Gerçek sevgiyi arama yoluna sevgimden şüphe ettiğim sıralarda girmiştim. İnsanların insana olan sevgiyi hiç samimi bulmamış, hep nedenler arkasına sığındığını görmüştüm. Neydi sevgi? Bunu öğrenmem için dokunmayacağım bir canlıyı hayatıma aldım. Teleskop balığı. Tedirgindim, kararsızdım.. sorumluluk isteyen bir şeydi ben ise dalgın biriyim, hiç de sevmem zorunluluk.

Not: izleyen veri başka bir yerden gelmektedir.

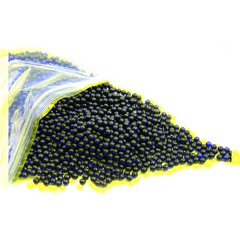 Solid Rubber Ball Soft NBR Resistant Fuel Petrol Diesel Oil Diameter 1mm – 30mm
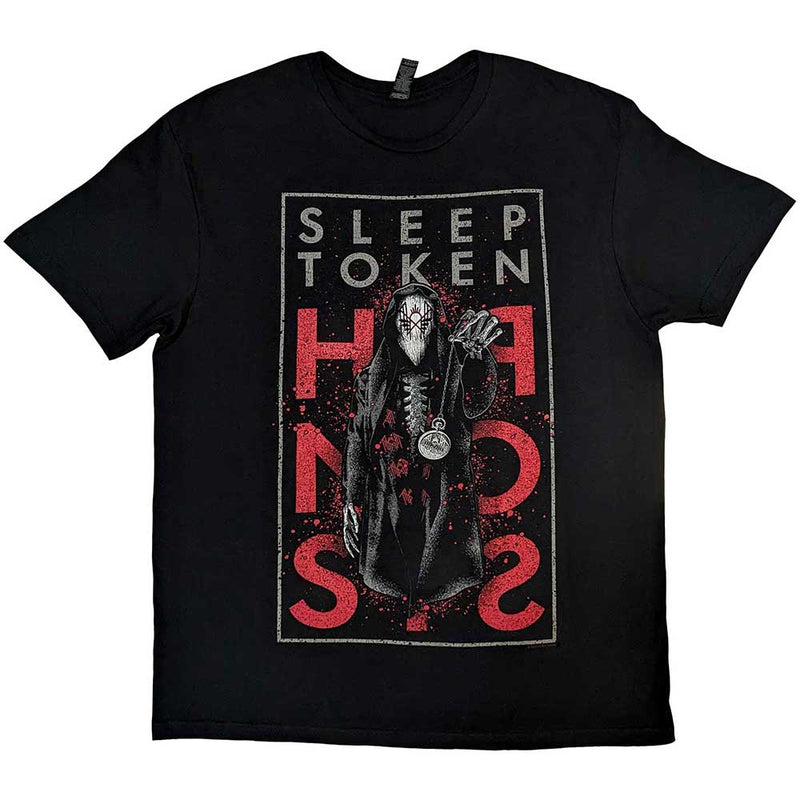 Sleep Token Hypnosis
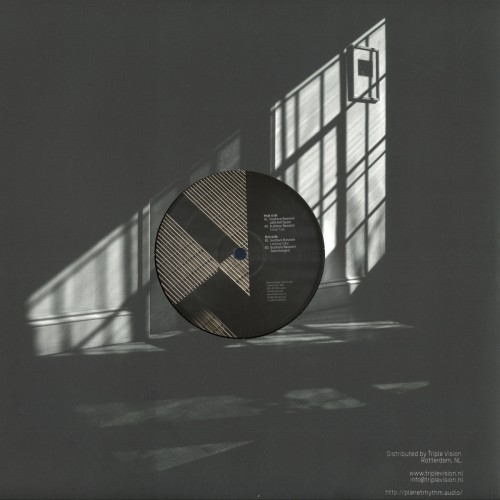 Gustavo Bassani – Latin Hot Sauce EP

Akvaryumun içersinde bir sürü balık vardı. Aralarında simsiyah olanı ve tercih edilemeyen o balığı aldım. Rengi, içimdeki boşluğu temsil ediyor gibiydi. İsmini gözlerinden dolayı “Galile” koydum ve sevgi süreci başladı.
1.gün: Umarım unutmam yemini vermeyi.
2.gün: Off suyunu değiştirmen lazım!
3.gün: Bu hep böyle sürecek mi?
4.gün: Günaydın Galileeee!
5.gün:Sana bir şey olursa ne yaparım ben<3
6.gün: Tek başına mutlu değil gibisin.Yanına başka bir tane mi alsam.

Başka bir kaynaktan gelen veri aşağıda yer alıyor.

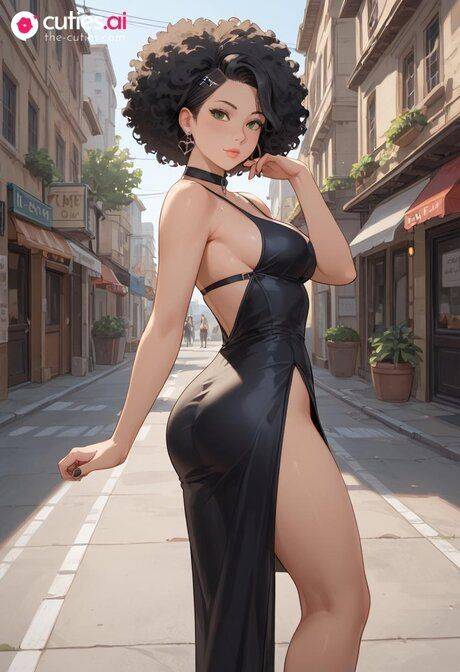 AI Cuties Sex Images - #6
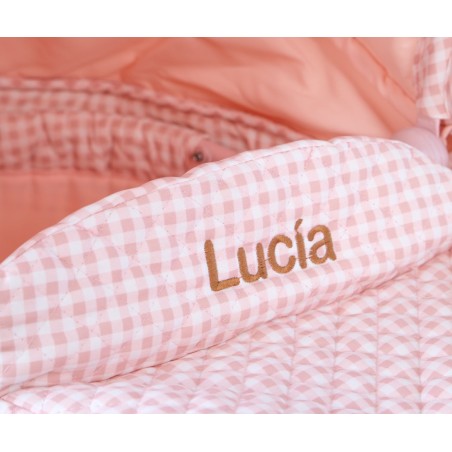 1569 Carrito para Muñecas Vichy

7.gün: Fanus zararlıymış ben bunu nasıl bilemedim.
8.gün: Galile, eve hızlı adımlarla gelmem için tek sebepsin.
9.gün:Gitmen lazım. Daha iyi şartlarda yaşaman için gitmen lazım.

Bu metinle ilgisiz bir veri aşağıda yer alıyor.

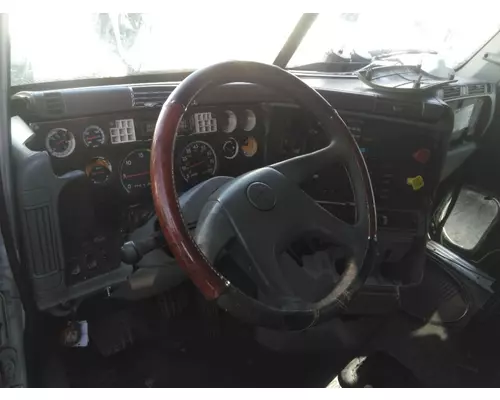 FREIGHTLINER CENTURY 120 CAB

10.gün: Hoşçakal Galile. Bu da bitmeye mahkûm bir sevda.
Korku ile başlayıp hüzün ile biten bir süreç. Basit gibi gelebilir fakat bir duyguyu gerçek anlamda kavramak için böyle bir şeye ihtiyacım vardı. İlk olarak bağlanmaktan ve sorumluluk almaktan korktuğumu farkettim. Yavaş yavaş bu korku azaldı ve ileride karşısına geçince o tarafa doğru yüzüp beni izlediğini farkettim. Bağım kuvvetlendi. Korku yerine sevgiyi bıraktı. Öyle ki bir coşkuyla fanusu öptüğümü biliyorum. Korku aslında o kadar kötü bir duygu değilmiş. Kaybetmekten korktuğum için yemini ve suyunu hep gününde verdim, değiştirdim. Sevgi fedakarlık ister, ilgi ister. Bunları göz ardı ettiğim tek gün Galileyi kaybetmeme neden olacaktı ve ben bunu göze alamazdım. İşin en acı tarafı vazgeçmek. Onun iyiliği için ondan vazgeçmek. Alışmıştım onun varlığına. Muhtemelen o da bana. Zarar veriyordu ama.. Sevgi de olsa işin içinde onu kendim yüzünden kaybetmek daha da acı verirdi. Hoşçakal Galile. Sevgi aslında zor değilmiş. Ayrılıkta sevdaya dahilmiş. Hoşçakal..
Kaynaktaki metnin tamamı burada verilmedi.